Second, the remake actually straightens up some of weaknesses of the original plot. In particular, 1981 fiance Sara Johnson (Jill Eikenberry) is a cardboard character. She loves the drunken Arthur, but why? That’s never credible. 2011 fiance Jennifer Garner is ambitious and money-hungry and looks at Arthur as both a challenge and a way to further her career. Garner gets a lot more space in this movie than Eikenberry does, and deserves it.

The female competition is also set up more credibly. 1981 Liza Minelli is supposed to be cute and attractive while shoplifting a tie. That’s a lot weaker than 2011 Greta Gerwig looking cute and attractive while doing tours of Grand Central Station without a license.

In terms of the performances:


1981 John Gielgud won an Oscar and stole the show; 2011 Helen Mirren is very good, but not Gielgud.

Minelli can probably sing a lot better than Gerwig, but there’s no singing in the movie and Minelli isn’t really that strong as an actress.

As mentioned above, 2011 Jennifer Garner is a strong actress in a stronger role; Eikenberry gets cardboard-cutout lines.

Nick Nolte (fiance’s father) also gets fleshed out more than Stephen Ellion did.  It’s a cliché Nick Nolte, but that seems exactly right for this comedy.
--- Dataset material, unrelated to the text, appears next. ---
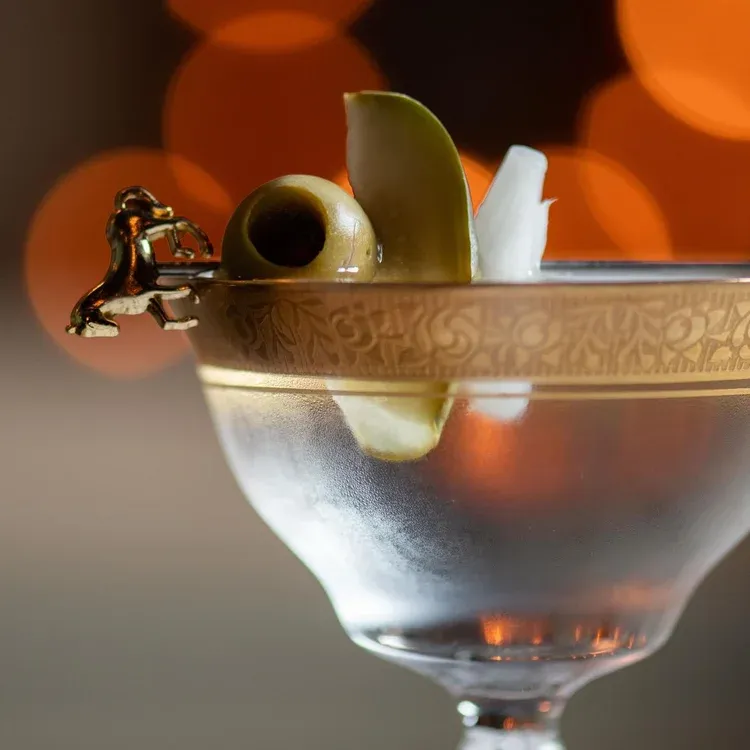 A cocktail glass with an olive, lemon peel, and a golden decorative pick.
The title role is difficult. Arthur is a drunk who’s wasting his life, and it’s hard to have sympathy for him. Being a lovable drunk is even harder to justify in 2011 than in 1981. Dudley Moore is more understated than Russell Brand, and that means it is at least easier to watch him for long periods of time on the screen. Russell Brand’s a great comedian, but I prefer him in smaller doses; it’s a lot of work watching Russell Brand, and he’s not offscreen long enough in this movie to give you time to rest.

On the whole, I’d have to say that the remake is a bit better.